* **Records from a collection**
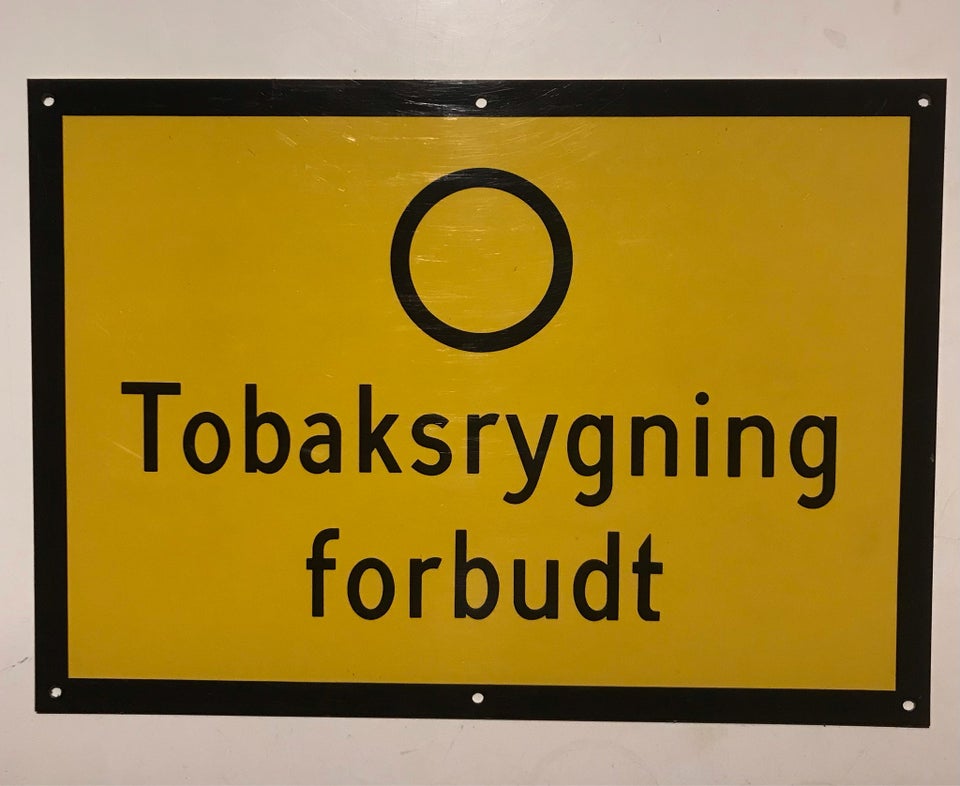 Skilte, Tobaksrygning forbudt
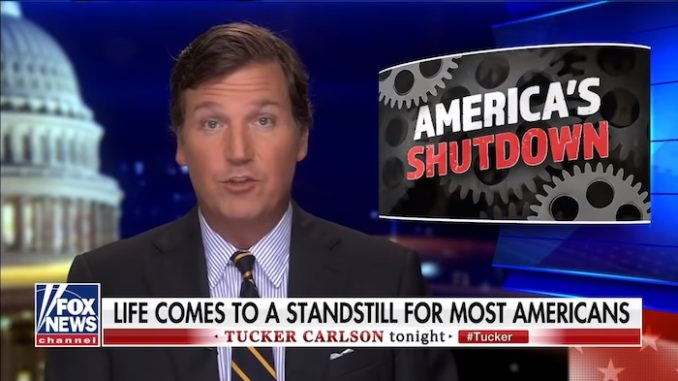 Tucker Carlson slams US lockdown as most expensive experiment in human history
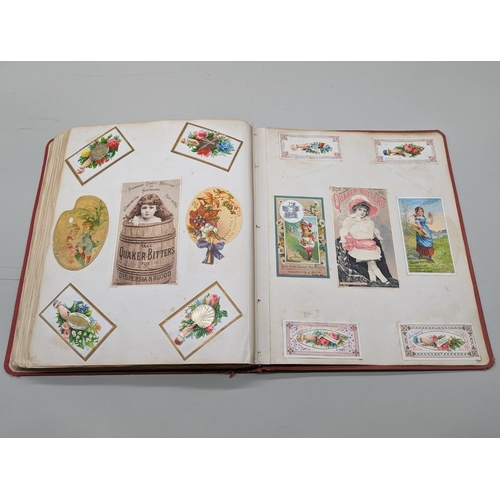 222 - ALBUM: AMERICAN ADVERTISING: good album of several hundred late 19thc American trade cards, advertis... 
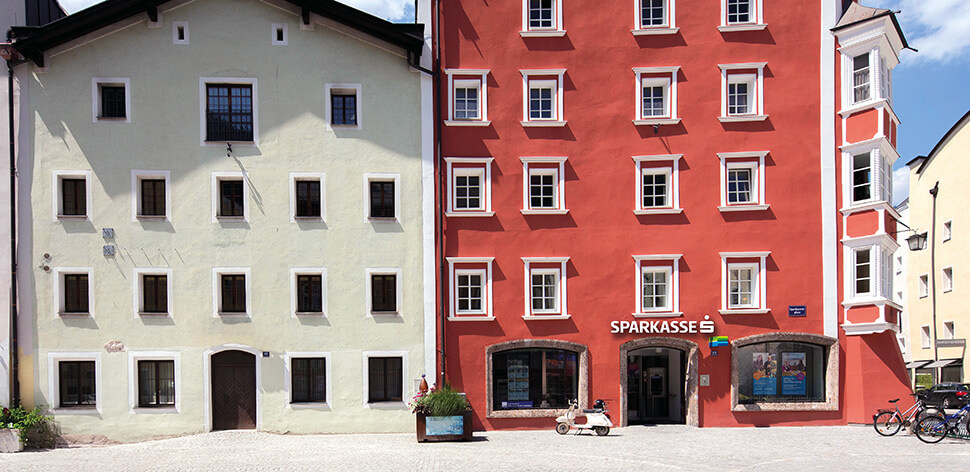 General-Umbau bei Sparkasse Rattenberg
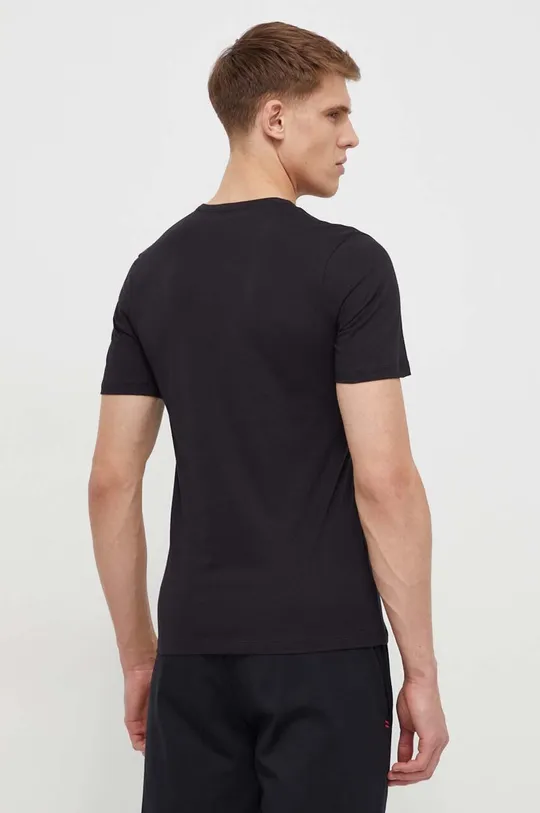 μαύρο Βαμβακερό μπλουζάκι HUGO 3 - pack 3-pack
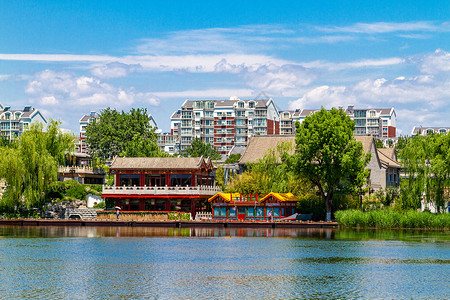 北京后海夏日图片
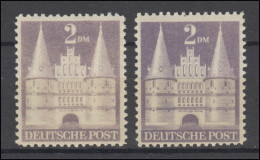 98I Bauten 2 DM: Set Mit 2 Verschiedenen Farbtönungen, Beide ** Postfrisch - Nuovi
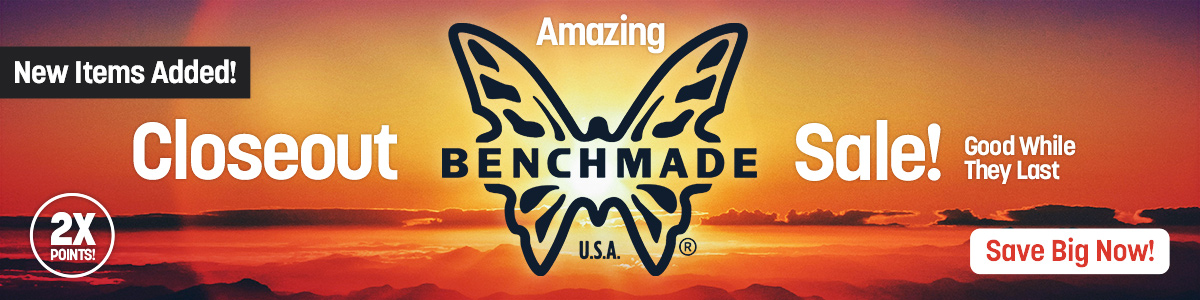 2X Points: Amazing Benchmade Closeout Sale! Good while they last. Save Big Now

* **PROBLEM STATEMENT**
What you should return is the exact text of every line from the top of the entries through the line with "General-Umbau bei Sparkasse Rattenberg", pictures removed.

* **RESULT OF THIS TASK**
 Skilte, Tobaksrygning forbudt
 Tucker Carlson slams US lockdown as most expensive experiment in human history
 222 - ALBUM: AMERICAN ADVERTISING: good album of several hundred late 19thc American trade cards, advertis... 
 General-Umbau bei Sparkasse Rattenberg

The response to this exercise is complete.